#### [Problem requirements]
Would you transcribe word for word every line from the one containing "Casa à venda" to the end of the data, both ends included, and leave out the rest?

■ ■ ■ ■ ■

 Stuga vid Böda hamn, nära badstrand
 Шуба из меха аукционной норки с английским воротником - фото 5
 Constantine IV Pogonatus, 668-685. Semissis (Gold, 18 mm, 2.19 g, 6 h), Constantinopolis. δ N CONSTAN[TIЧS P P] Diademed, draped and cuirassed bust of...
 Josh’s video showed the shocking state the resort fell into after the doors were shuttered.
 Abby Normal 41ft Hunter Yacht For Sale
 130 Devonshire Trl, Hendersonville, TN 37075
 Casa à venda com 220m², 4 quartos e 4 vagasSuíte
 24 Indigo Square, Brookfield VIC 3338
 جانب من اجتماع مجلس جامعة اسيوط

■ ■ ■ ■ ■

#### [Expected answer]
 Casa à venda com 220m², 4 quartos e 4 vagasSuíte
 24 Indigo Square, Brookfield VIC 3338
 جانب من اجتماع مجلس جامعة اسيوط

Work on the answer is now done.